Exercise details: Nothing but the lines from the one that holds "Photo of Ginger" through the end of the material should be repeated, each exactly as it stands, and pictures stay out.

Materials provided:
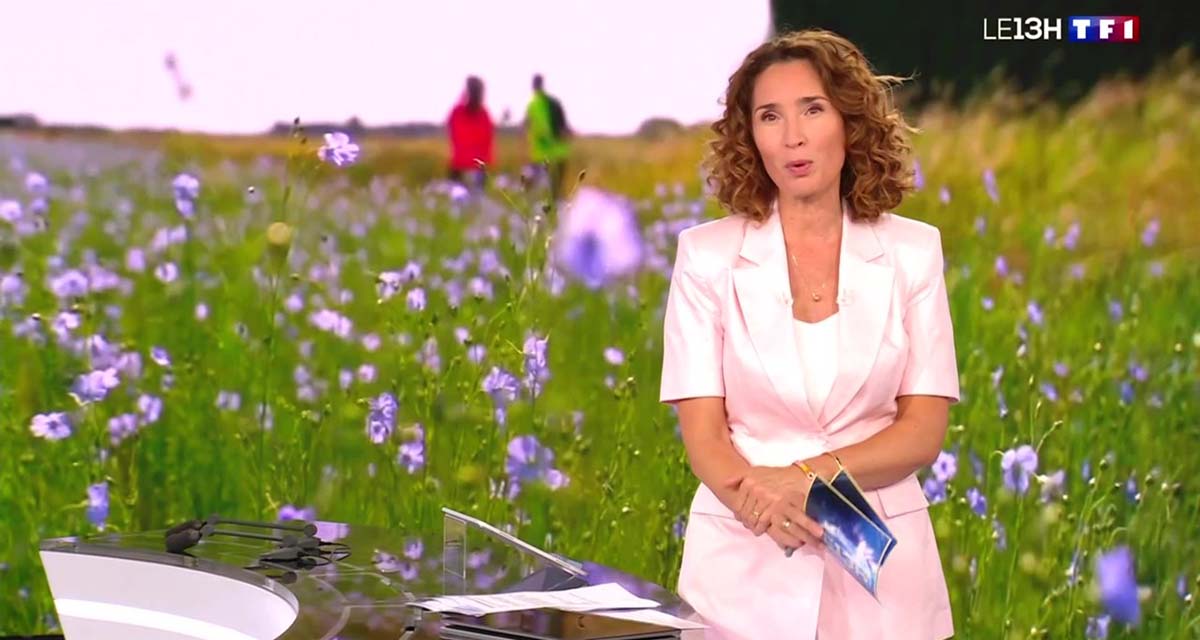 Marie-Sophie Lacarrau, coup de tonnerre confirmé sur TF1 Marie-Sophie Lacarrau, coup de tonnerre confirmé sur TF1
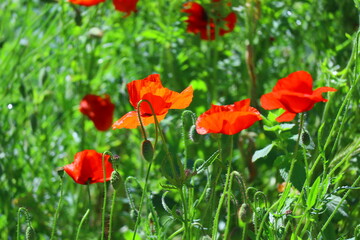Fototapeta na wymiar beautiful red poppies. poppies in the wind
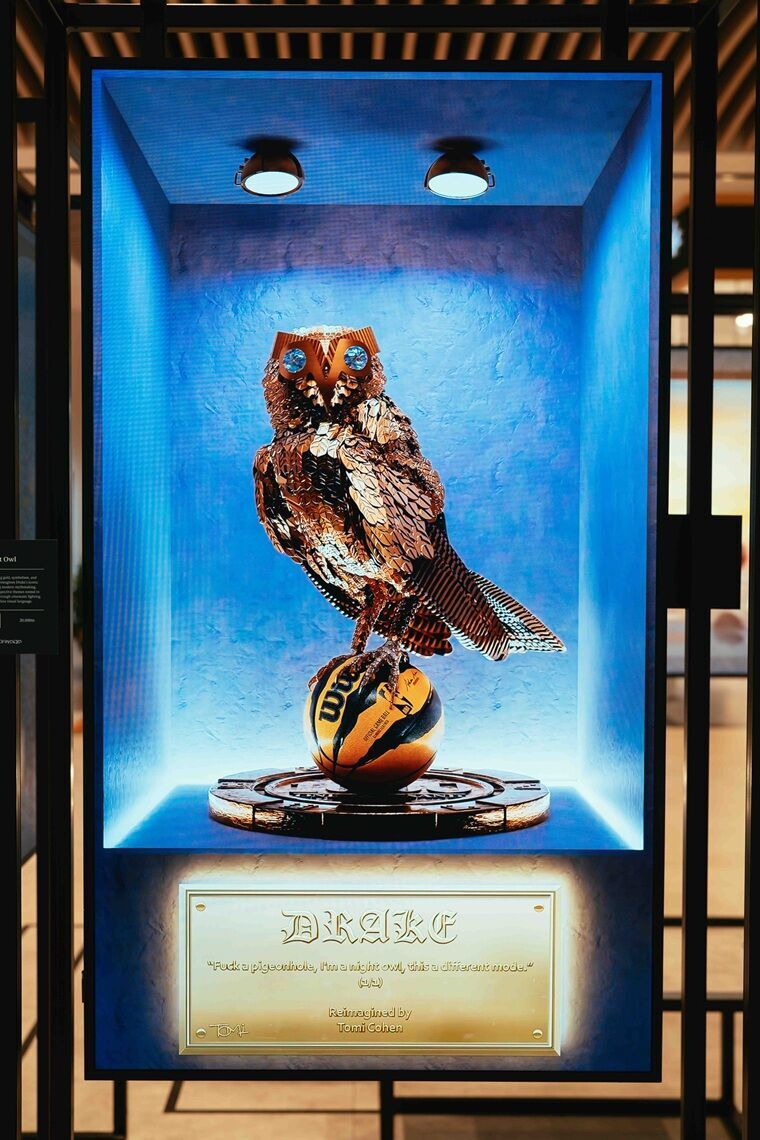 צילום טומי כהן צילום טומי כהן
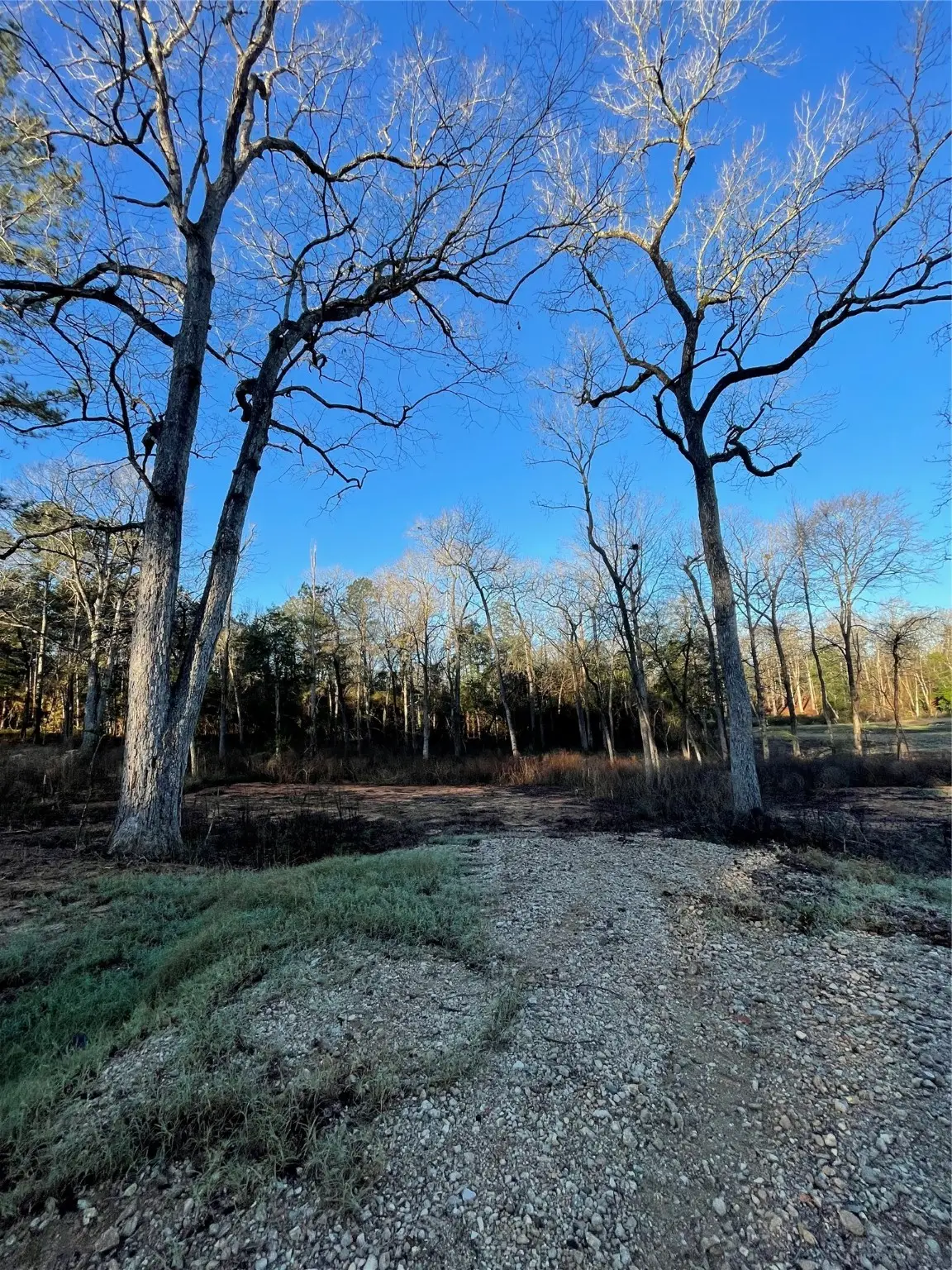 11357 Annie Creek Drive, Willis, TX 77378 - #1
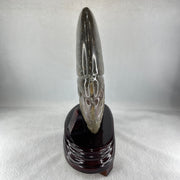 Natural Ammonite Ammonoid Fossil with Wooden Stand - Huangs Jadeite and Jewelry Pte Ltd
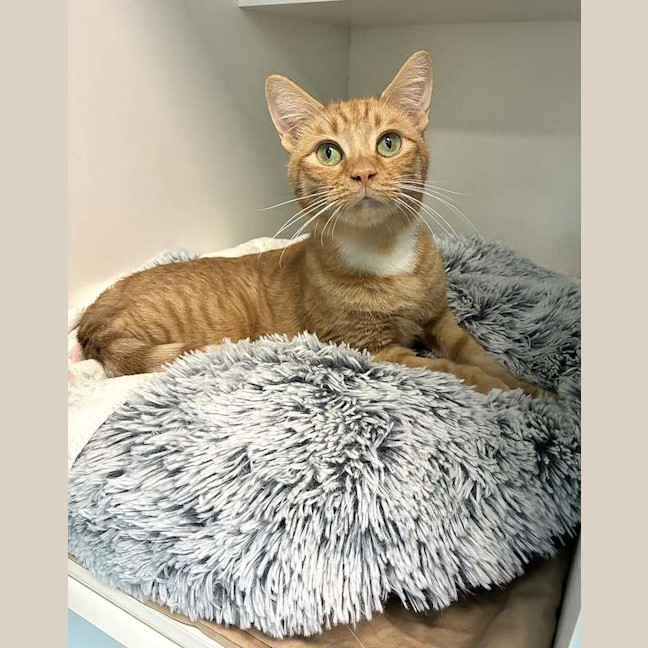Photo of Ginger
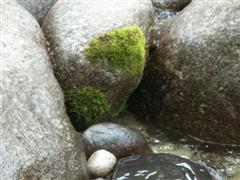 Mossman Gorge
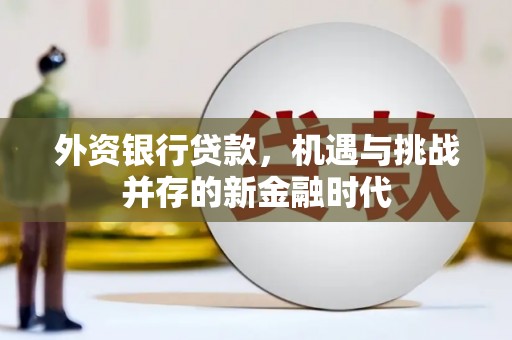 溆浦外资银行贷款，机遇与挑战并存的新金融时代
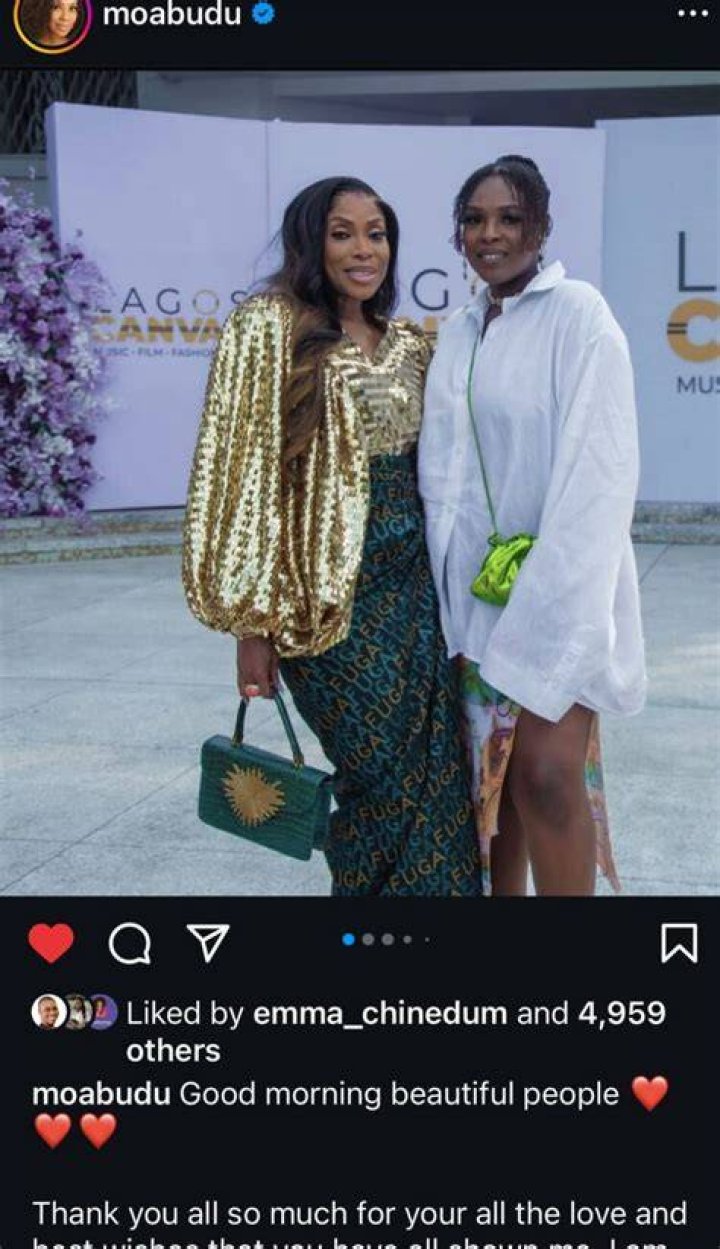 Mo Abudu Celebrates Her 56th Birthday In Style &raquo; NaijaVibe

Solution for this exercise:
Photo of Ginger
 Mossman Gorge
 溆浦外资银行贷款，机遇与挑战并存的新金融时代
 Mo Abudu Celebrates Her 56th Birthday In Style &raquo; NaijaVibe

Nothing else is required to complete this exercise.